Paterson has moved the ball forward by adding cuts to the weekly bills that allow the government to stay open and has promised he’ll unload the full monty of fixes this week.

Maybe he will, but you can bet he’ll agree to a deal that kicks the can down the road. The only open question is whether voters will be fooled again into re-electing the same lawmakers in hopes they will behave differently.

If we do that, we’re the ones who are insane.

Be fair to immigrants – by rigging elections

Oops, she did it again. Hillary Rodham Clinton opened her mouth and out came a gaffe. It was a Washington gaffe, meaning she accidentally told the truth.

In Ecuador, the secretary of state blasted the Arizona immigration law and said in a TV interview that the Justice Department “will be bringing a lawsuit against the act.”

That was news to Arizona, and feisty Gov. Jan Brewer promptly let Clinton have it. “This is no way to treat the people of Arizona,” she said. “To learn of this lawsuit through an Ecuadorian interview with the secretary of state is just outrageous.”

Indeed it is, and it fits a pattern of pandering to foreign opinion. Recall that Democrats in Congress gave the president of Mexico a standing ovation when he denounced the Arizona law.

Even worse, Washington’s policy of refusing to enforce immigration laws is forcing state and local governments into contorted and expensive reactions.

A Nebraska town wants renters to prove they are in the country legally, and Port Chester, NY, was forced to swallow a goofy voting scheme that makes sense only if the aim is to erase the distinction between legal and illegal immigrants.

Under the plan, imposed by a federal judge in response to a 2006 Justice Department civil-rights suit, each voter in the board of trustees election got six votes.

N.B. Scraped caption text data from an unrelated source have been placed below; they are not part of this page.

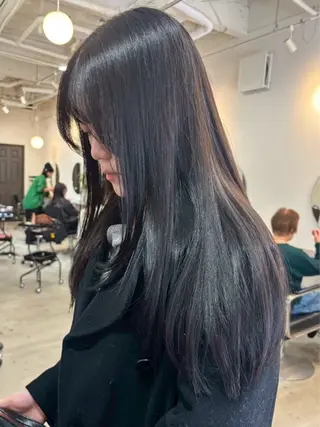 ロング LUCK rizunaのヘアスタイル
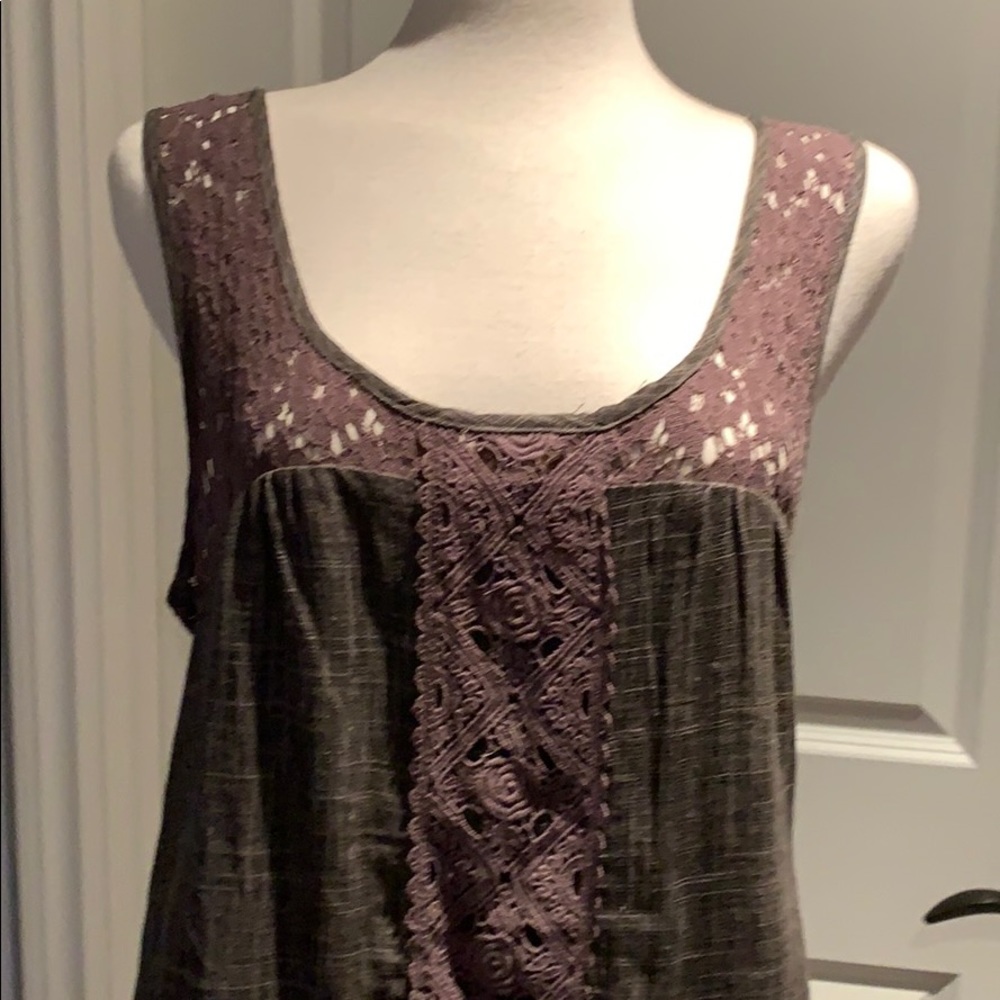 Blue Bird Tunic - Picture 2 of 5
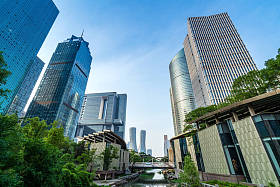 杭州现代建筑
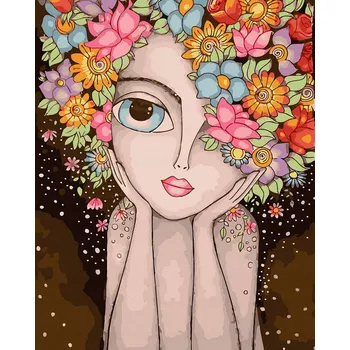 Malování podle čísel iPicasso 40x50 cm na rámu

A voter could give all six votes to one candidate, or divide them among several.

The reason: No Latinos had ever been elected to any of the six at-large seats in the suburban town, even though they make up nearly half of the population of 28,000.

That’s because many of the Latinos are here illegally, so they can’t vote. No matter. The cockeyed voting system was put in place to satisfy a claim of discrimination based on their total numbers, as though immigration status has no consequence to election results.

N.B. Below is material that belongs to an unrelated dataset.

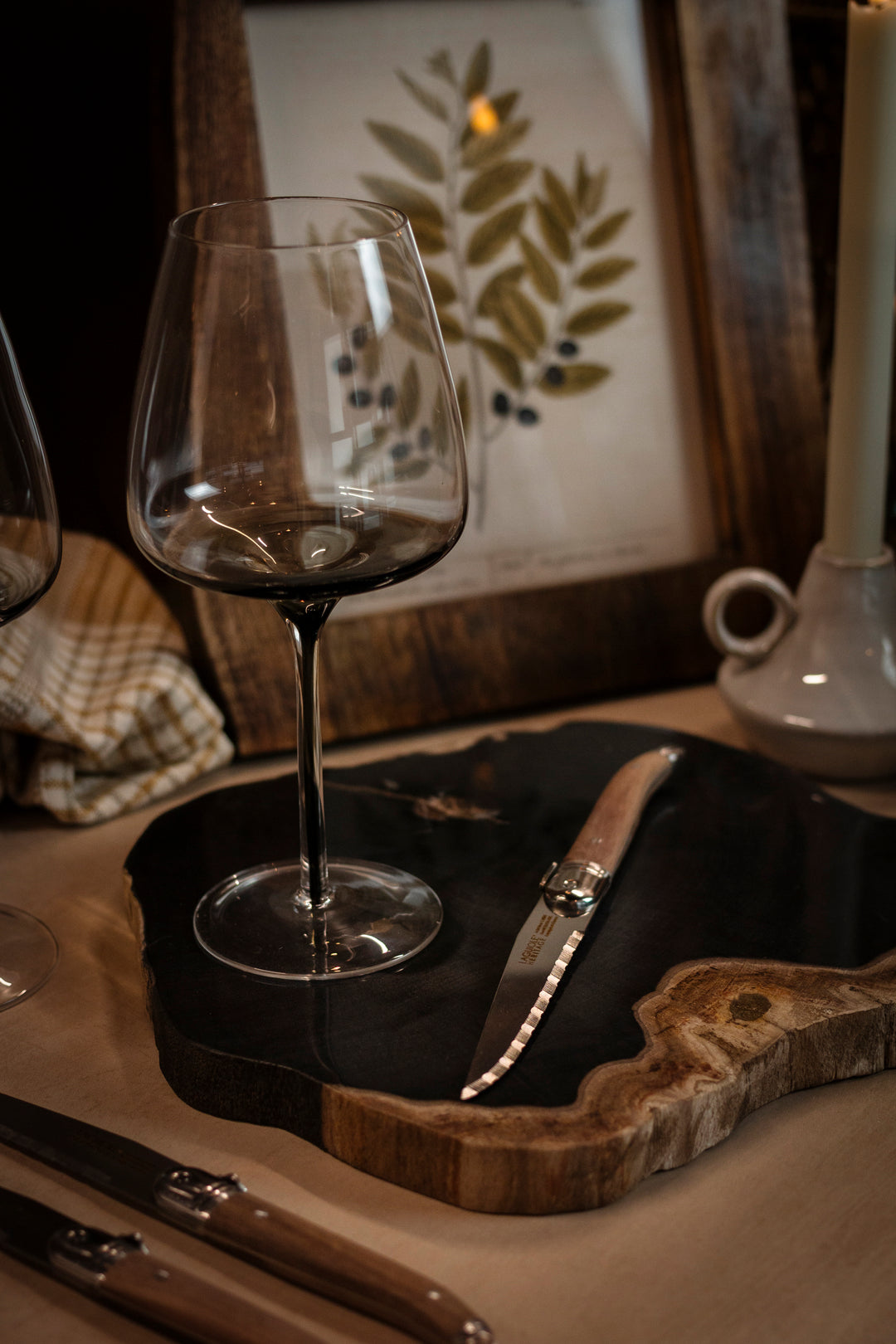Laguiole Walnut Steak Knives Set of 6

The judge’s ruling didn’t just cover the complicated ballot, written in both Spanish and English. CBS News said the town held 12 educational forums on the election, six in each language, and that voting machines had 114 different levers next to candidate names.

It said T-shirts, tote bags and lawn signs about the election were required by the Justice Department and everything, including reminders sent home with students, had to be in both English and Spanish and approved by bureaucrats.

Taxpayers were robbed, with the town spending $300,000 on the process and maybe $1 million in legal fees — all for an election in which 3,000 people voted. The turnout was about 25 percent of registered voters, the same as in previous elections.

But cheer up: A Latino candidate won.

So it goes in America, circa 2010, where the principle of one-man, one-vote is tossed overboard to rig an election.

Your toll $$ at work (oink!)

Boss Hog is the poster pig for greedy unions. Not only did Daniel Hughes steal $300,000 in dues from his members, the Port Authority union president is still in line for a disability pension, even though he’s going to prison. So, next time you’re sitting in truck-choking traffic at the GW Bridge to fork over $8, savor your contribution to Boss Hog’s comfy retirement. Feels good, right?

Bull’s-eye, Ronnie!

Don’t mess with Utah. Ronnie Lee Gardner, convicted of murder and facing lethal injection, told a judge, “I would like the firing squad, please.” Wish granted. Case closed.